Re: I:Re: [PATCH 06/14] Pramfs: Include files

2009-06-24 Thread Marco Stornelli
 On Tue, 23 June 2009 19:38:33 +0200, Marco wrote:

 dd? You haven't got any device file to have a dump. I think we're going
 a bit out of scope. I had some doubt to support rootfs in pram and after
 some feedback and the comments of this review I think I'll remove it
 from the next release (to understand some aspects of this fs with the
 kernel community was my main goal for this review). I agree to use the
 native endian.

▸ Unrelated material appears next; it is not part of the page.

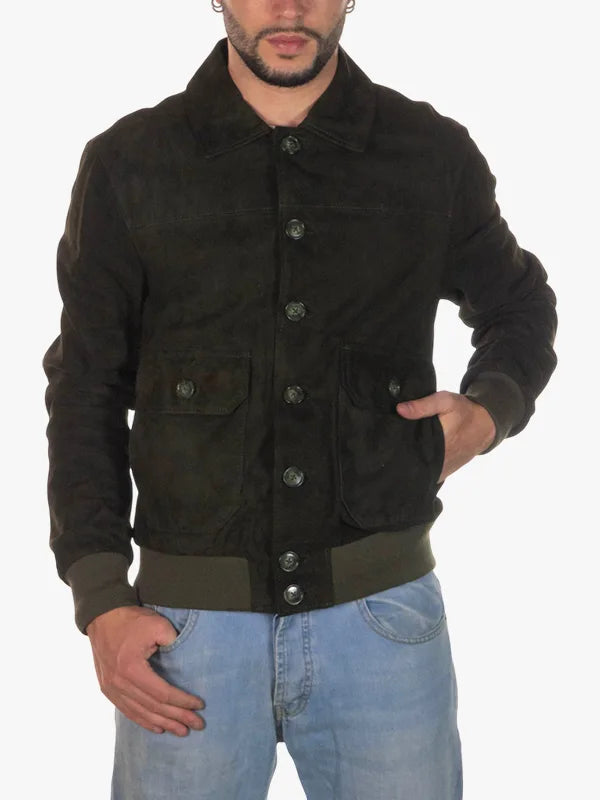 U03 Mens Bomber Shirt Style Jacket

As I said the important thing is that if an user want to
 use it in a 64bit environment then the fs must work well and then it
 must be designed to support even this situation, I think it's obvious.

 Glancing at the discussion with Pawel, I see two paths to follow.  One
 is to turn pramfs into a full-features all-round general-purpose
 filesystem with mkfs, fsck, xattr and any number of additional features.
 That way lies doom, as you would compete against ext2+xip and have
 little new to offer.

 The other path is to make/keep pramfs as simple as possible for
 comparatively specialized purposes, like flight recorder data and dump
 information.  Main selling point here is the amount of vulnerable code
 in the total package.  ext2 + block layer + vfs helpers is relatively
 large and many things may go wrong in a panic situation.

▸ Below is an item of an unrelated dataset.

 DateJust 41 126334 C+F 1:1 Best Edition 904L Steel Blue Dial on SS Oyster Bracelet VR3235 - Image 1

 So I agree with you that many things expected from general purpose
 filesystems simply don't apply to pramfs.  Moving mkfs into the kernel
 is a fair tradeoff, when the required code is small.  Endianness is a
 different case imo.  dd may not work, but a jtag probe will happily get
 you the dump to your development machine.


I quite agree, but I'd like to say that it was _not_ my intention to
submit a general-purpose fs comparable with ext2 or ext3.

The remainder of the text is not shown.